A One and a Two

  • Three Times

My first son was born in 2013. 15 months later, he was joined by his younger brother. Both my wife and I are the only children in our families. The quick addition of two siblings brought a lot of changes, and opened up a new perspective in vast contrast to our own childhood without siblings. As a photographer, I documented the time they grew up together. Cameras have been a constant presence in their field of view. Over the years, my collection has grown to over a hundred thousand photographs. 

Physically down to kids’ level, seeing through a camera lens, I paid closer attention to my boys with an intimate perspective different from a typical parental one. It allowed me to take more seriously the significance of many fleeting moments which often get lost in the day-to-day wrangling of young boys. It was challenging to be both a parent and an objective observer, striking a delicate balance between letting things unfold and keeping them in order, especially when kids were trying to push boundaries. 
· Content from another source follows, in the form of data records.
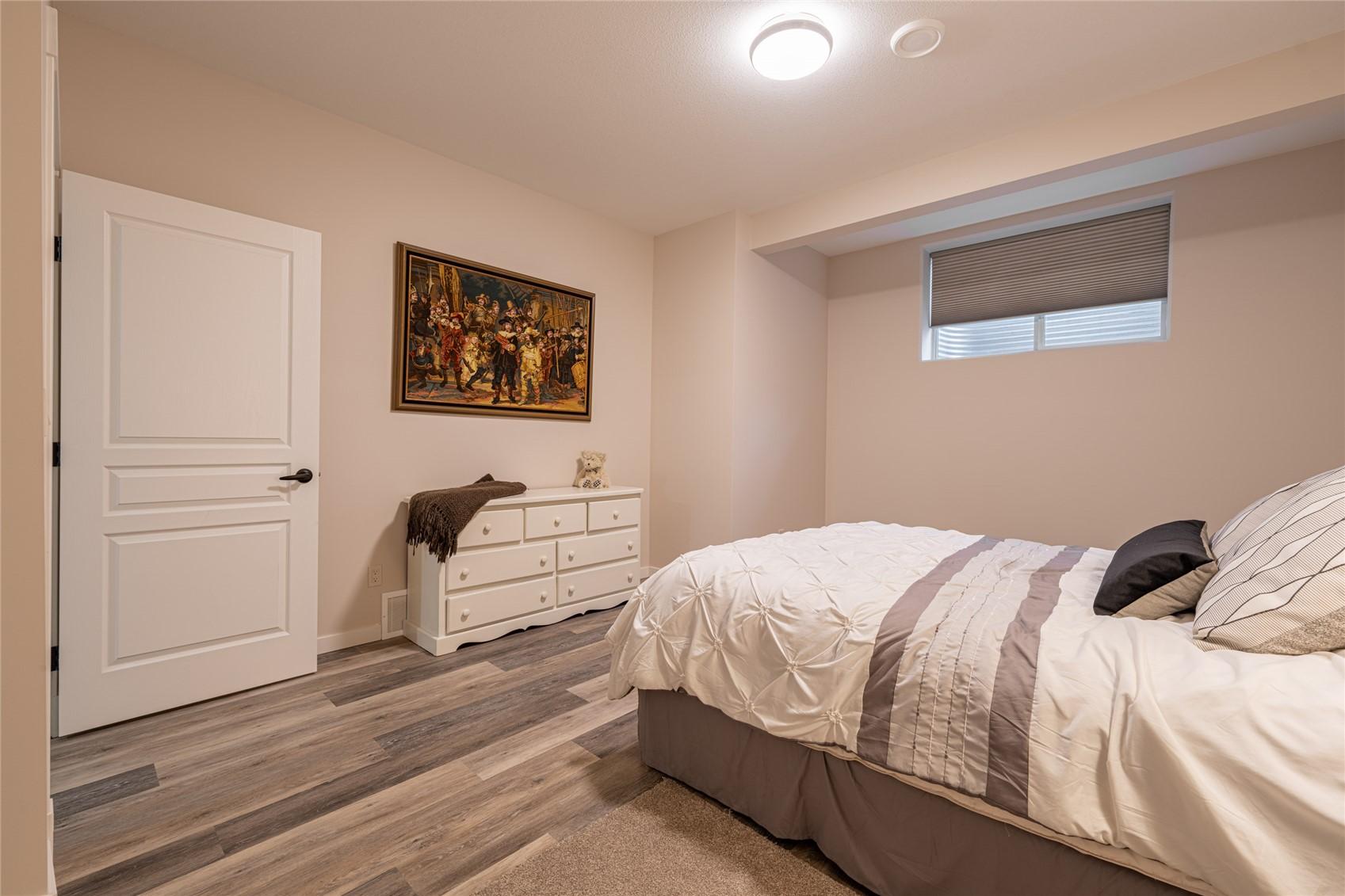 









2444


York

Avenue, 3,
Armstrong,




BC
V0E 1B1

Whether my sons realize it or not, the resulting photographs will become a valuable document of a time and place that explores the bond of brotherhood and fatherhood. One day, they will be able to look at these images that they created together with their father, and relive the process of making them as a vessel that contains memories of the time we spent together. 
I hope these pictures will raise questions as to what these boys are about in enacting the traits of childhood: what they are thinking, feeling, and why? Family is many things: complicated, joyful, sad, exhilarating, uplifting, and wrapped up in its time and place. In a gentle way, my work will examine the notion of family, with a profound sense of slippage, of ambiguity, of participation in the puzzling drama of childhood. The cumulative effect of these pictures goes beyond an immigrant father’s deeply personal experience to communicate something more universal about the upbringing of American boys today. There is a slowness, almost solemn, as my two boys and I explore, the unexplainable nature of kinship.